On 15 August 2018, HM Treasury published a draft of the Deposit Guarantee Scheme and Miscellaneous Provisions (Amendment) (EU Exit) Regulations 2018, together with an explanatory memorandum.
The draft Regulations are not intended to make policy changes but rather amend legislative provisions concerning deposit guarantee schemes and the Financial Ombudsman Service (FOS) to reflect the UK’s future position outside the EU.
Part 2 of the draft Regulations concern the FOS and amends the references to EU legislation (the Alternative Dispute Resolution Directive) in schedule 17 of the Financial Services and Markets Act 2000 (FSMA) to ensure they function post Brexit.
Part 3 of the draft Regulations covers deposit guarantee schemes. The Deposit Guarantee Schemes Directive is an EU Directive which harmonises the scope, eligibility, financing and repayment times of deposit coverage in the EU. The Financial Services Compensation Scheme (FSCS) is the UK’s deposit guarantee scheme and pays compensation to depositors when an authorised UK credit institution fails. The FSCS also provides compensation to customers of certain other types of firm, for example insurers and investment firms.

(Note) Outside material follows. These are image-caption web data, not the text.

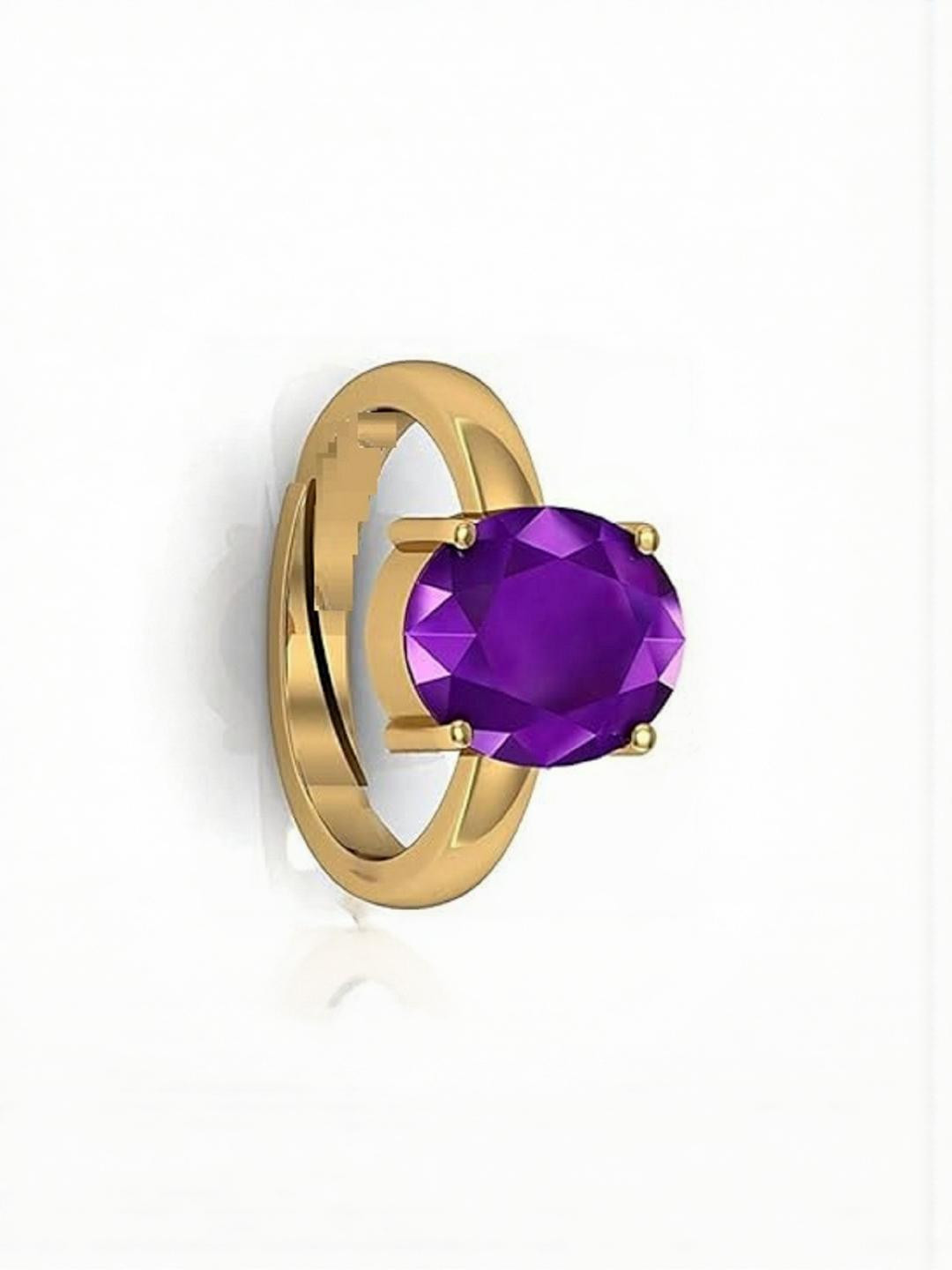 Sidharth Gems 10.25 Ratti 9.00 KT Amethyst Ring
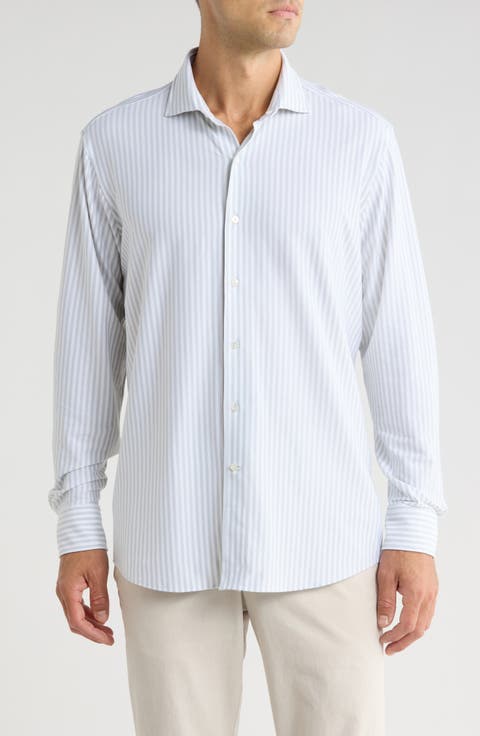 Crown Crafted Excursionist Flex Stripe Button-Up Shirt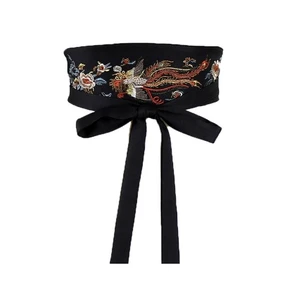 Comfortable Breathable Embroidery Wide Hanbiuk Belt For Women Cultural Event - Picture 1 of 7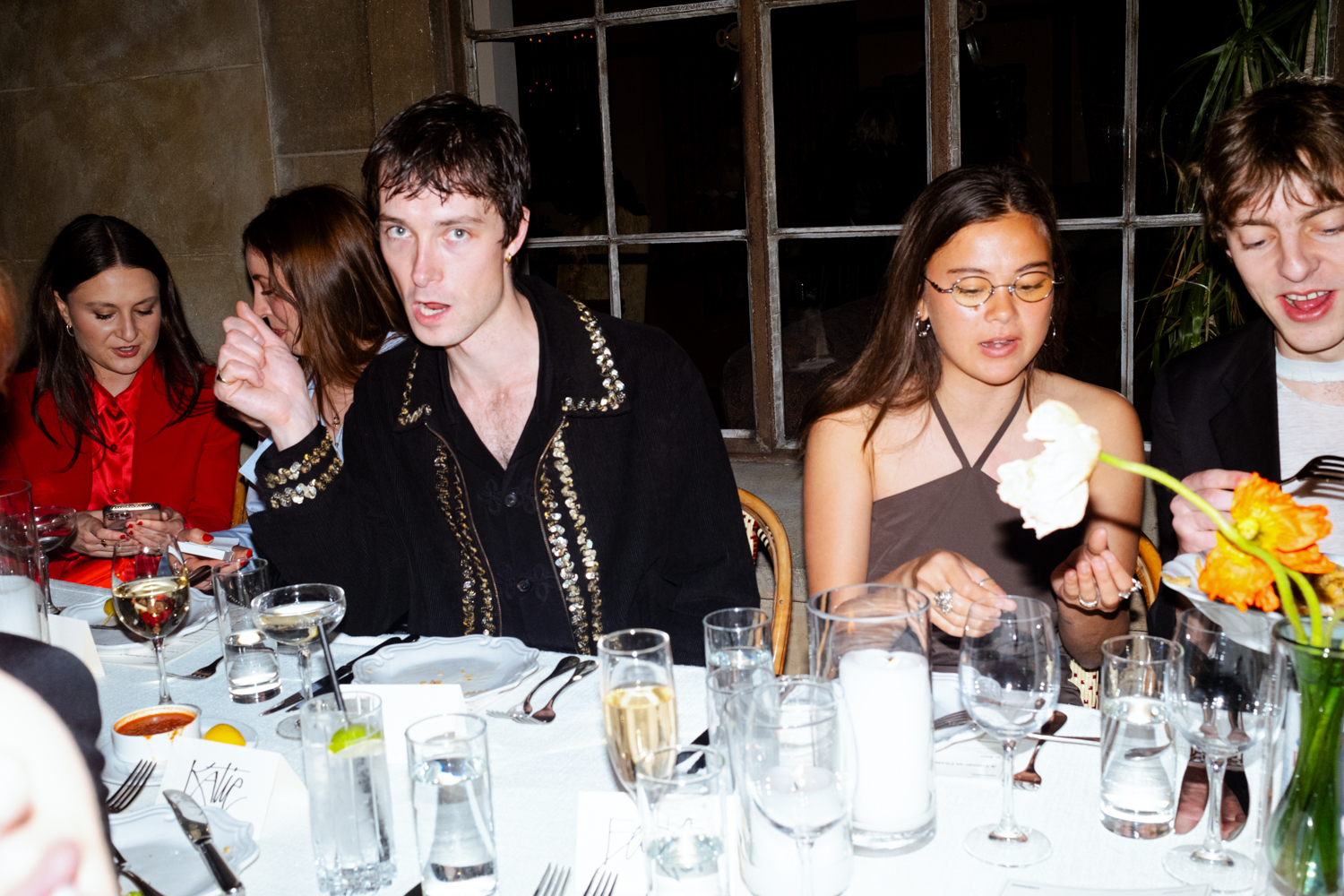 Maison Kitsune pre-grammys dinner hosting musicians at the Chateau Marmont in Los Angeles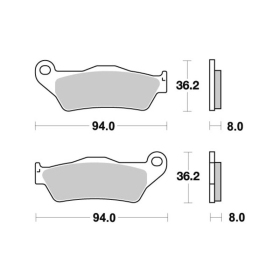  Sbs stabdžių trinkelės 671HS Sintered APRILIA / CAGIVA / DUCATI / HARLEY-DAVIDSON / HUSQVARNA / KTM / TRIUMPH / YAMAHA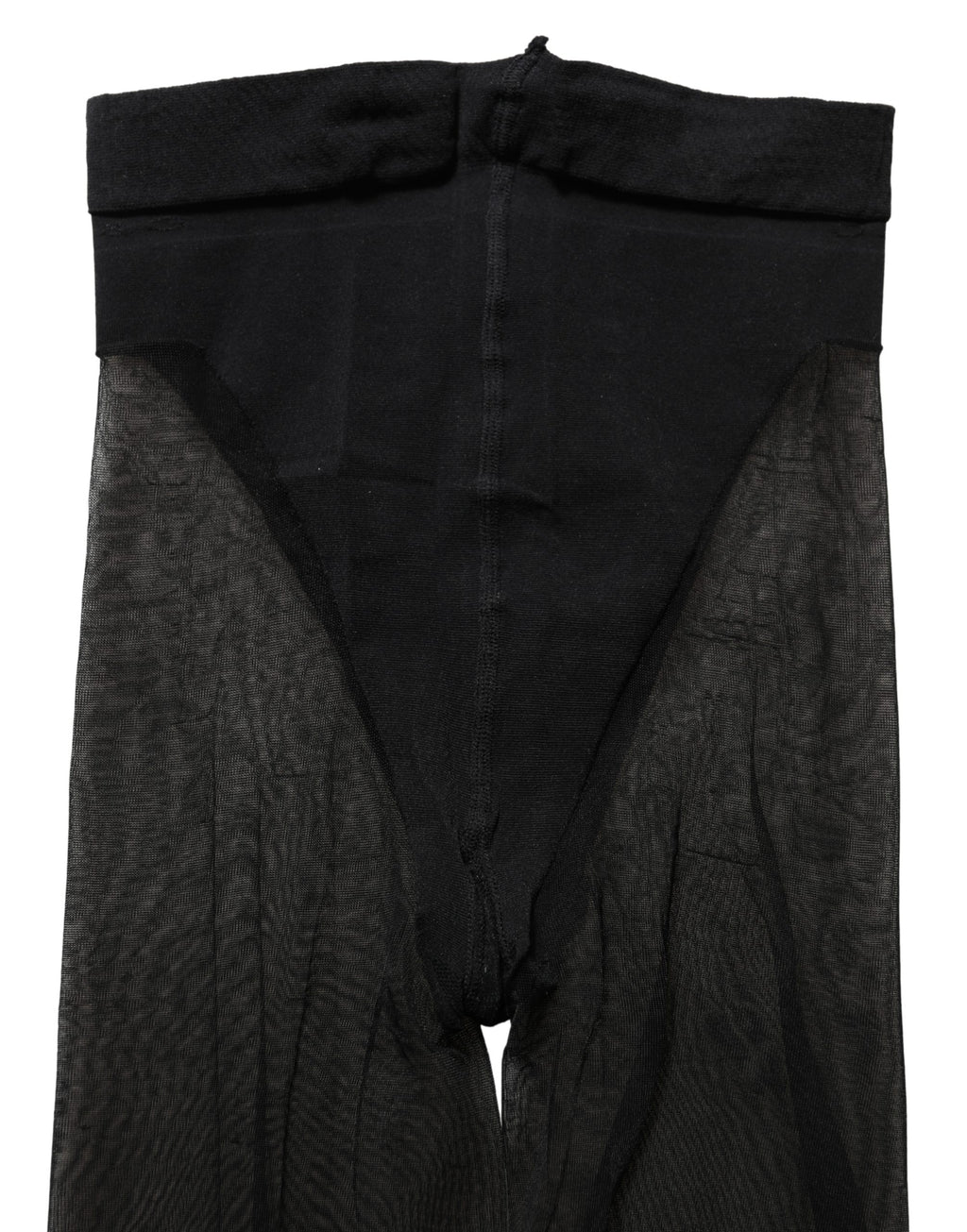 Dolce & Gabbana Schwarze Nylon-Feinstrumpfhose Söckchen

Brexit related changes to the FSCS membership and rules are being made in the EEA Passport Rights (Amendment etc, and Transitional Provisions) (EU Exit) Regulations 2018 and the UK regulator’s rulebooks.
However, further changes to the UK’s regime for deposit guarantee schemes are needed and Part 3 of the draft Regulations:
- transfer coverage level setting power from EU institutions to UK institutions. The PRA will have the power to review, adjust and set the deposit coverage level with approval from HM Treasury;
- removes the arrangement whereby the FSCS administers compensation payments to depositors at UK branches of EEA credit institutions on behalf of an EEA deposit guarantee scheme. However, the draft Regulations include a transitional provision allowing the FSCS to continue after Brexit to accept instructions and funds from an EEA deposit guarantee scheme in the event that an EEA firm operating in the UK fails immediately before Brexit;
- removes the requirement for the PRA to notify the European Banking Authority each year of the amount of deposits in the UK which are covered by the FSCS and the funding available to the FSCS; and
- amends EU references and removes arrangements which will no longer be appropriate after Brexit.
HM Treasury plans to lay the draft Regulations before Parliament in the autumn.